Information shown —
====
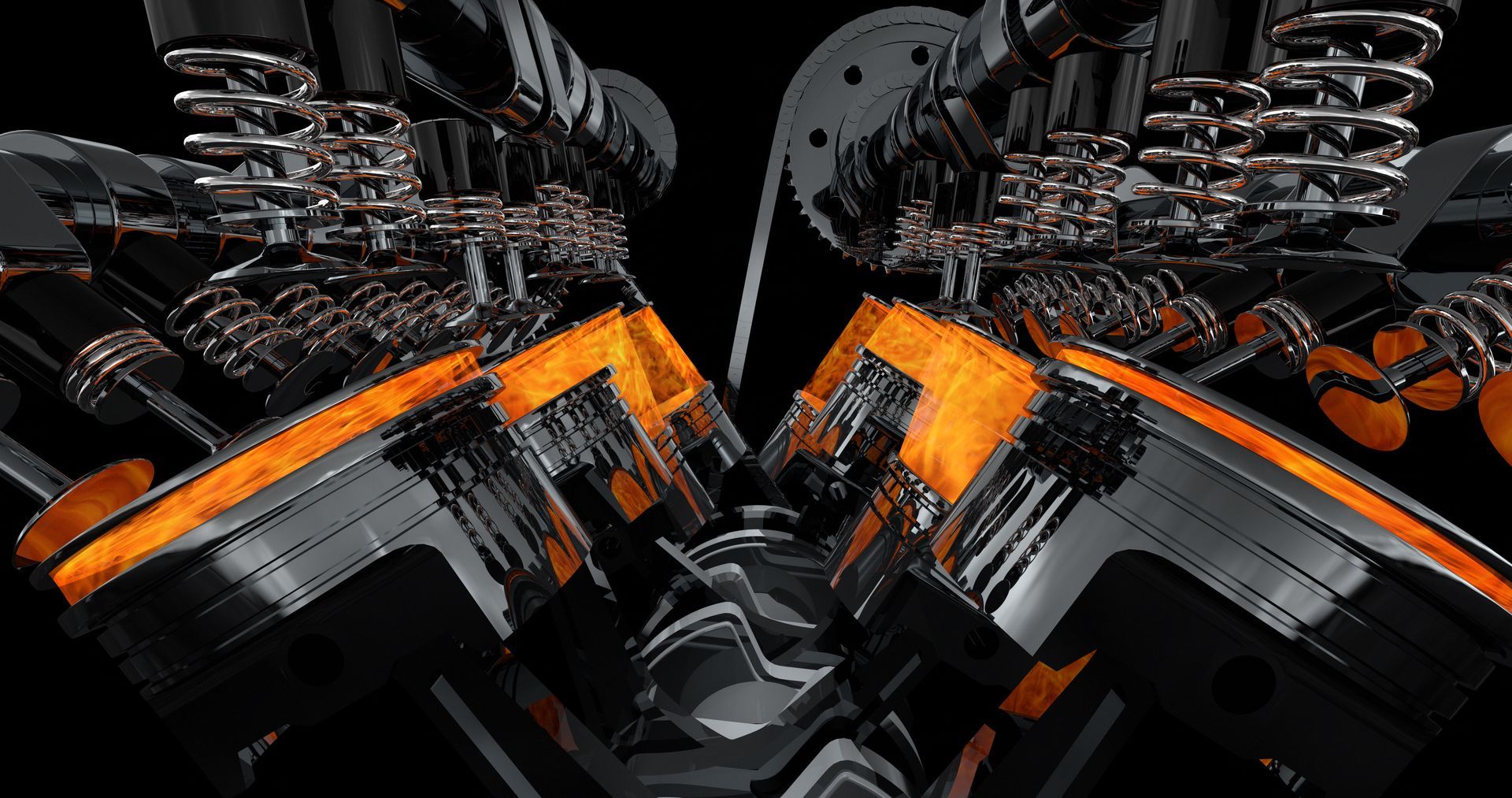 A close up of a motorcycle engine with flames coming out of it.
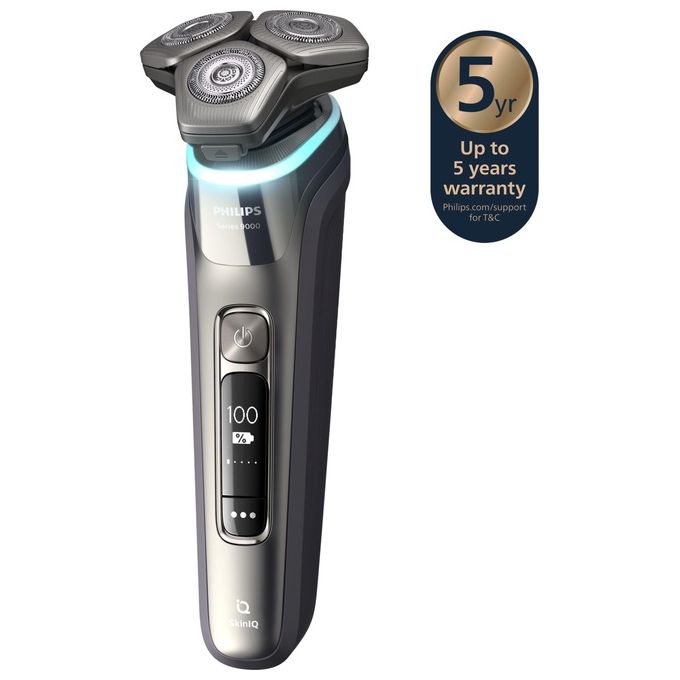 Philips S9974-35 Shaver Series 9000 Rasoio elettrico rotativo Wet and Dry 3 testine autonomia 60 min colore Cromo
====
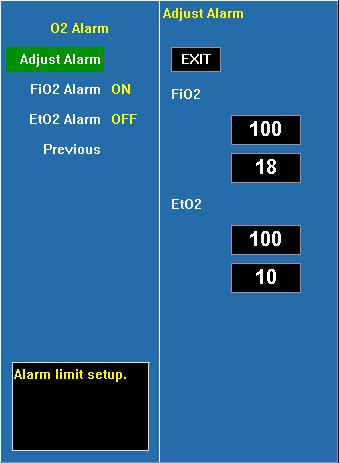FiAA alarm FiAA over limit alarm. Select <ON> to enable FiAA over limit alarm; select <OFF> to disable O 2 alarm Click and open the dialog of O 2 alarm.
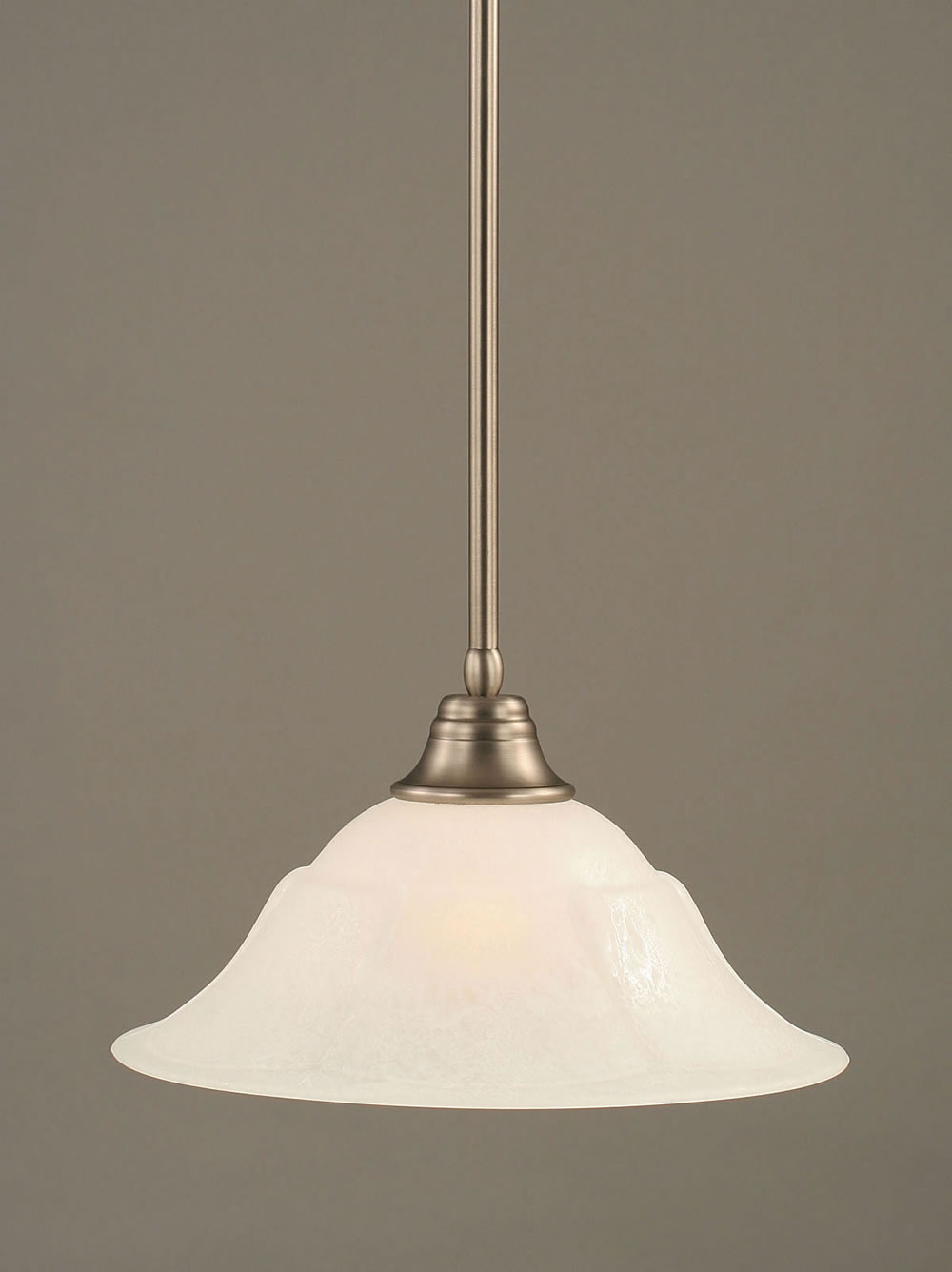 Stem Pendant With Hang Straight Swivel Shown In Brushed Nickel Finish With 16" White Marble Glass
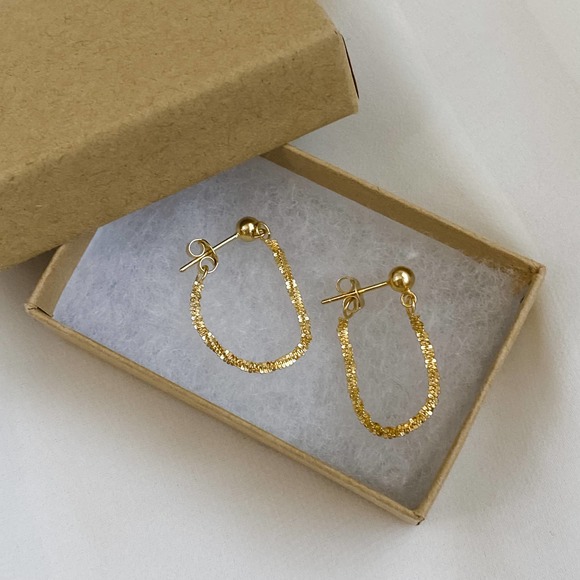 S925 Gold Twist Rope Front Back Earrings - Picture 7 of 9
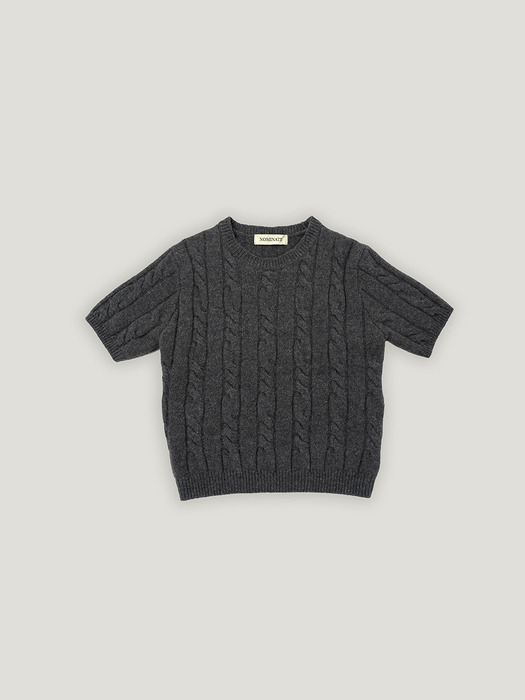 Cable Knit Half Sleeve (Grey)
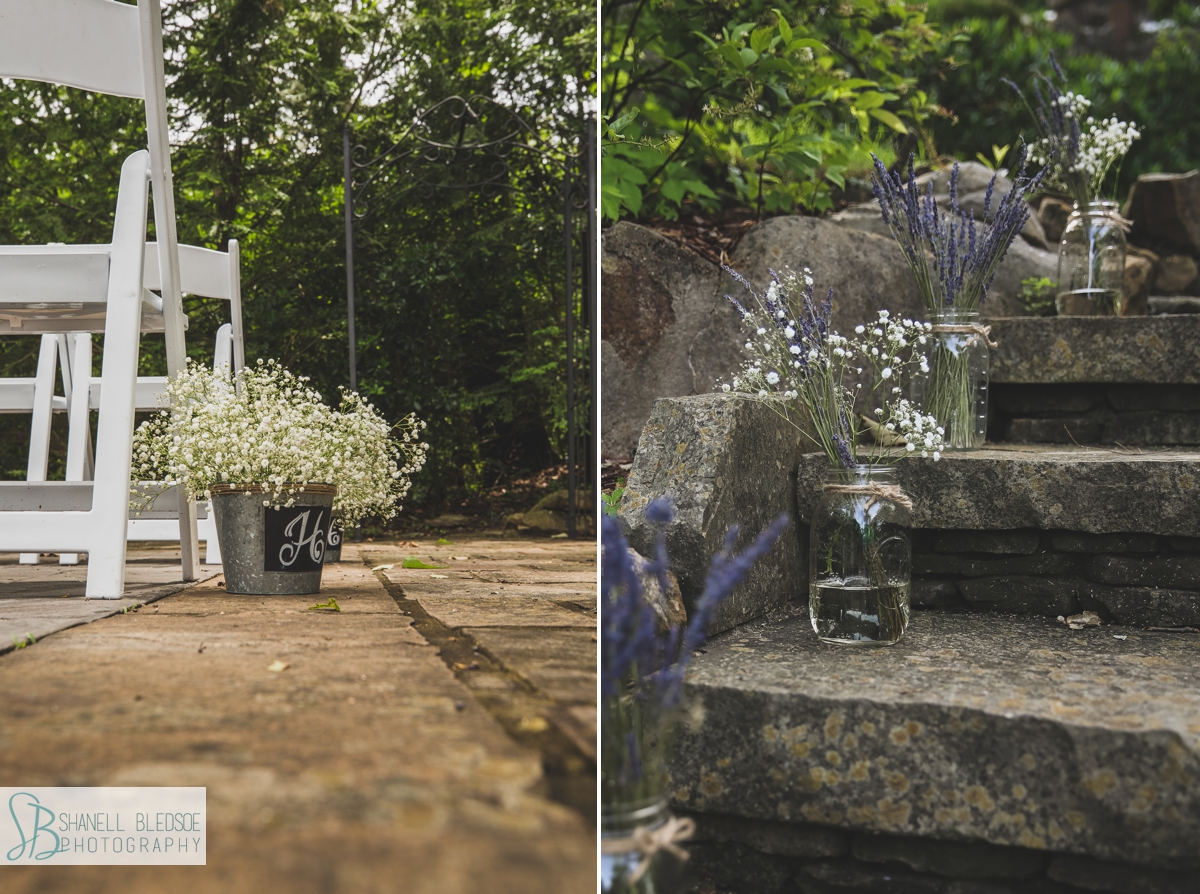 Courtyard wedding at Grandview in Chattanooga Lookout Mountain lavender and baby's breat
====
Task goal — From the data above, return only the lines starting at the line that holds "Cable Knit Half Sleeve (Grey)" and ending at the line that holds "Courtyard wedding at", word for word and without pictures.

Exercise response —
 Cable Knit Half Sleeve (Grey)
 Courtyard wedding at Grandview in Chattanooga Lookout Mountain lavender and baby's breat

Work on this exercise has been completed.